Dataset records
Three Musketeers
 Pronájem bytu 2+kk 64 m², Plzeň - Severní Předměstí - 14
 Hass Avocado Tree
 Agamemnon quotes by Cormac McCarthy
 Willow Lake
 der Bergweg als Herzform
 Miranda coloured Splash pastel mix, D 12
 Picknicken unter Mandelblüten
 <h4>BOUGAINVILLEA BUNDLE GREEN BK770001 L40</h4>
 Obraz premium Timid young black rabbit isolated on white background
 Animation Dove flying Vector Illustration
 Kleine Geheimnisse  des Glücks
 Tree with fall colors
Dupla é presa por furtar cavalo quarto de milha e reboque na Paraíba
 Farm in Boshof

▶ **Instructions for the task**
An exact copy of every record above is required.

▶ **Exercise answer**
Three Musketeers
 Pronájem bytu 2+kk 64 m², Plzeň - Severní Předměstí - 14
 Hass Avocado Tree
 Agamemnon quotes by Cormac McCarthy
 Willow Lake
 der Bergweg als Herzform
 Miranda coloured Splash pastel mix, D 12
 Picknicken unter Mandelblüten
 <h4>BOUGAINVILLEA BUNDLE GREEN BK770001 L40</h4>
 Obraz premium Timid young black rabbit isolated on white background
 Animation Dove flying Vector Illustration
 Kleine Geheimnisse  des Glücks
 Tree with fall colors
Dupla é presa por furtar cavalo quarto de milha e reboque na Paraíba
 Farm in Boshof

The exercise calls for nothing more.